There are two very important documents of European Union proving importance of questions of cooperation on the field of efficient data use and re-use including spatial data.
- 1.
Directive 2007/2/EC of the European Parliament and of the Council of 14 March 2007 establishing an Infrastructure for Spatial Information in the European Community (INSPIRE)
- 2.
PSI DIRECTIVE 2003/98/EC OF THE EUROPEAN PARLIAMENT AND OF THE COUNCIL of 17 November 2003 on the re-use of public sector information
Key Terms in this Chapter
Interoperability: The ability of systems, units, or forces to provide data, information, material, and services and accept the same from other systems, units, or forces, and to use the data, information, material, and services exchanged in a way to enable them to operate effectively together.

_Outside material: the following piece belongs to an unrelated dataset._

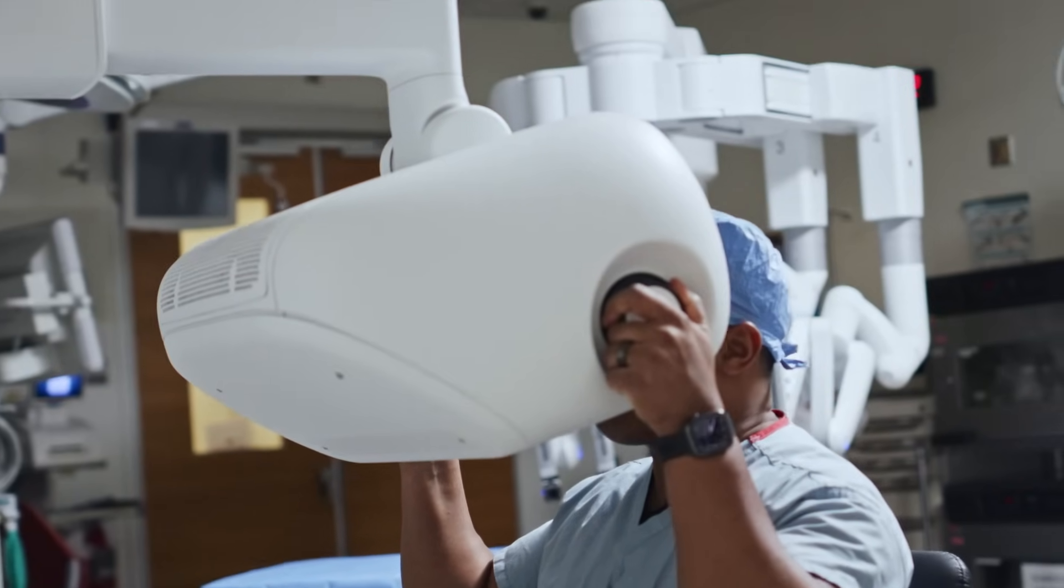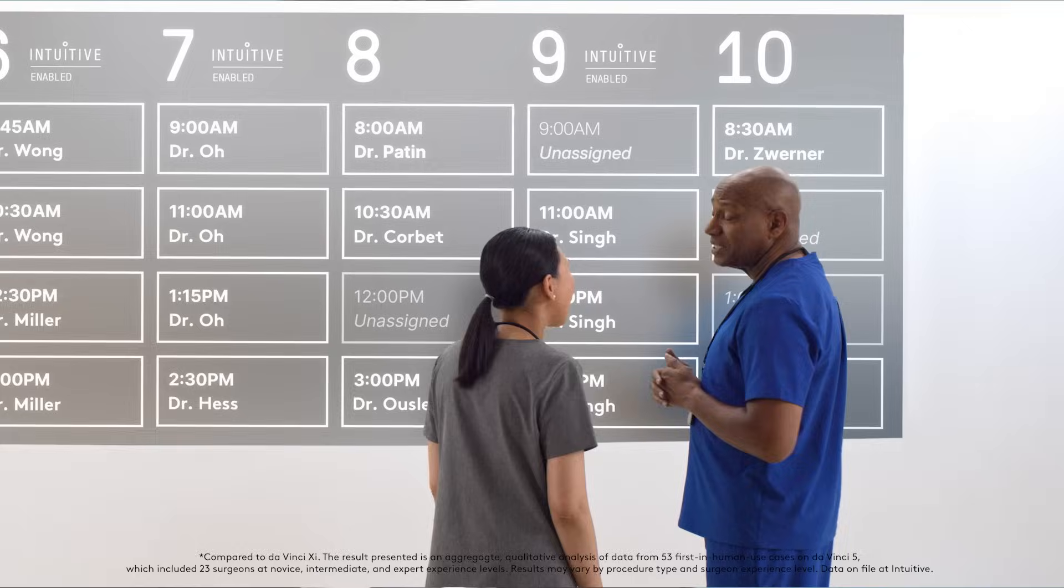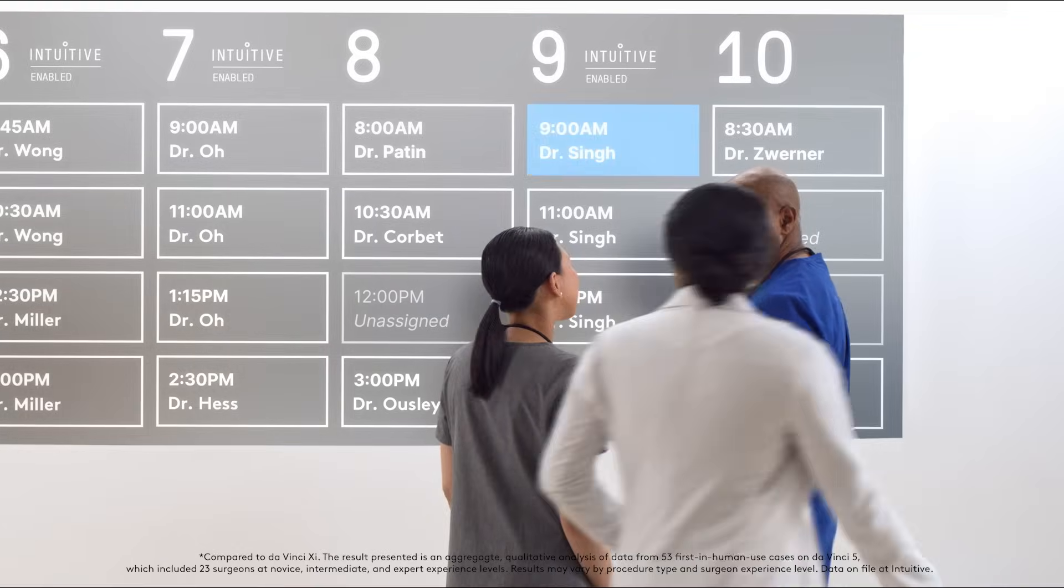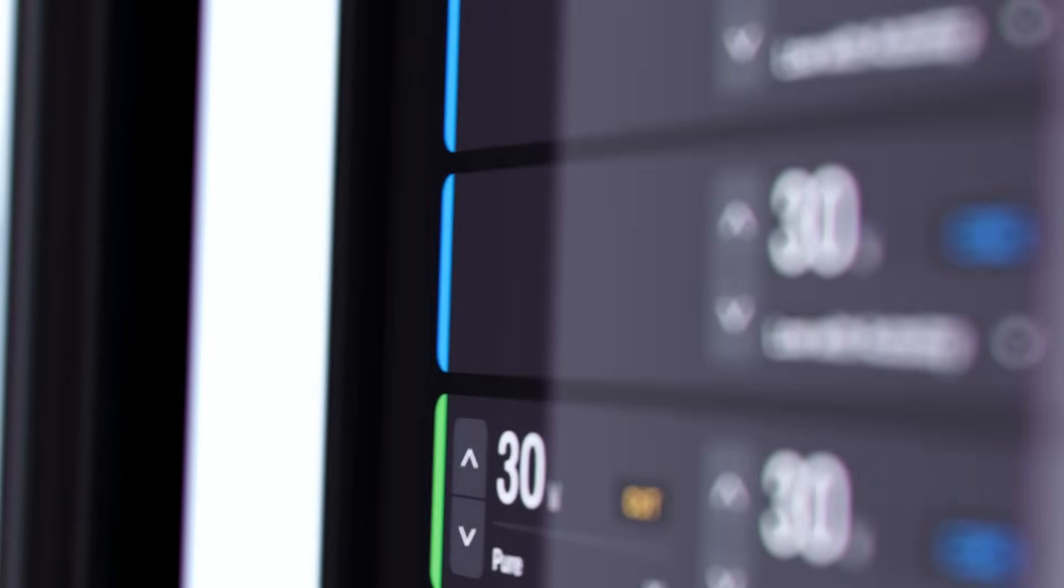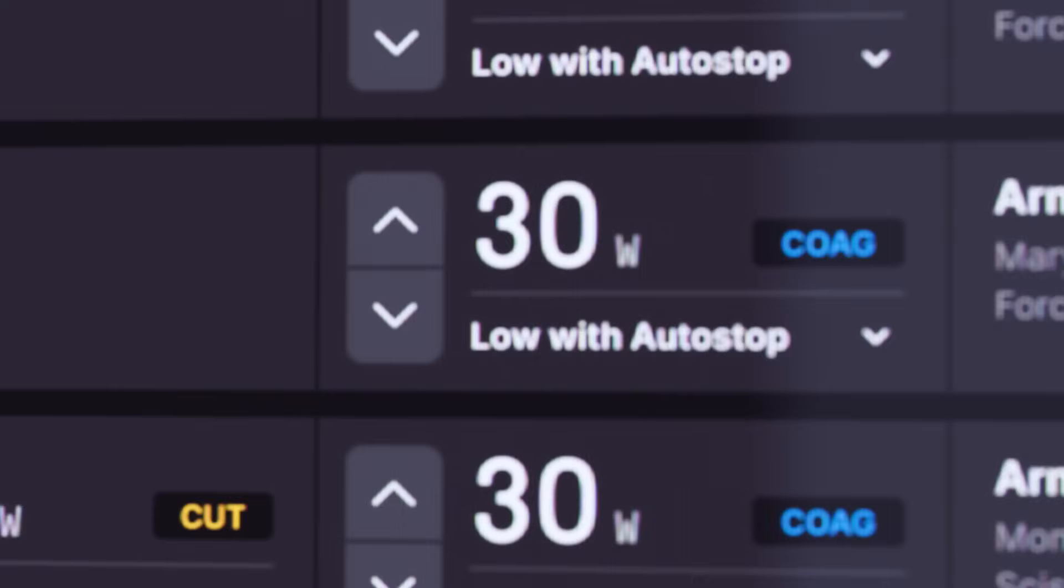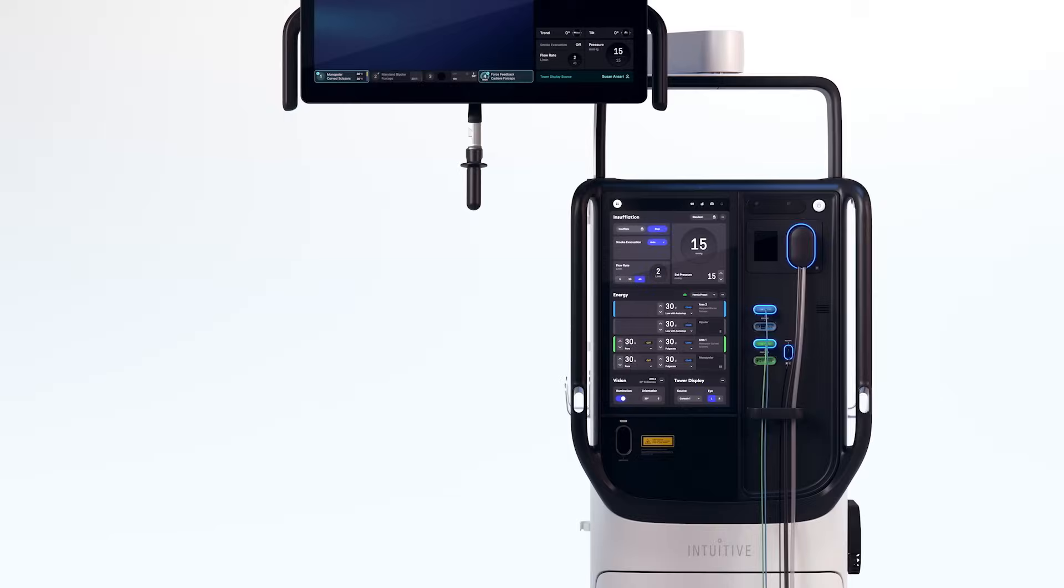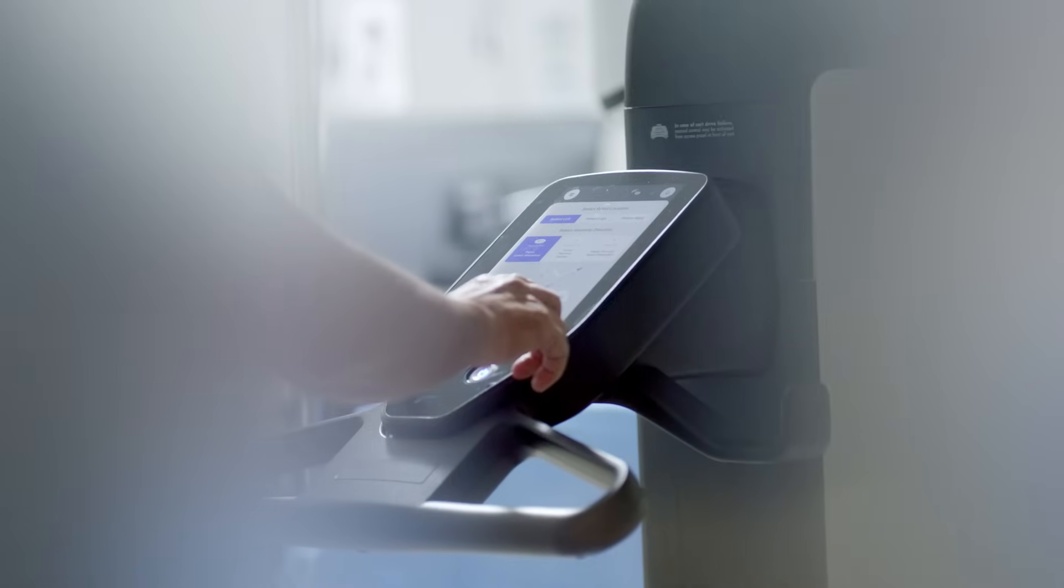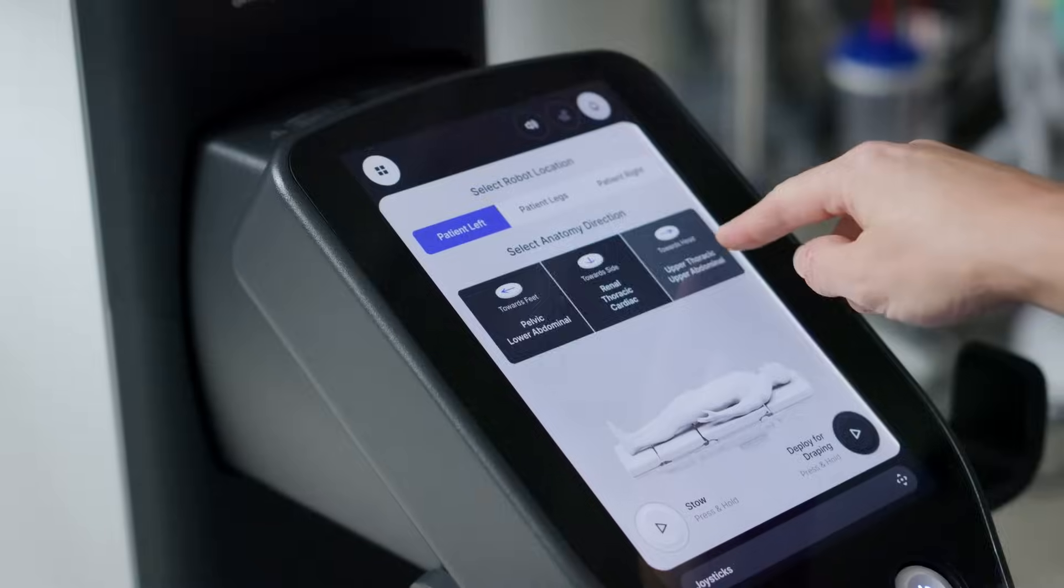We are seeing DaVinci 5's capabilities result in faster surgery which translates to our customers ability to do more surgeries. I think having the integrated new components will make the process of starting the case a lot more efficient.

Spatial Data Infrastructure: The technology, policies, standards, human resources, and related activities necessary to acquire, process, distribute, use, maintain, and preserve spatial data.
Spatial Data: Data with a direct or indirect reference to a specific location or geographic area.
Ontology: Formal representation of a set of concepts within a domain and the relationships between those concepts.
Metadata: Metadata is structured information that describes and allows us to find, manage, control and understand other information.
Data Harmonization: Making data sets of similar scope identical or minimizing the differences between them.
XML Schema Languages: They make possible to define and describe any subset of XML – a formal definition of a new markup language or format (e.g. elements, attributes, entities, their limits and restrictions). XML schema languages are able to control the structure of data file.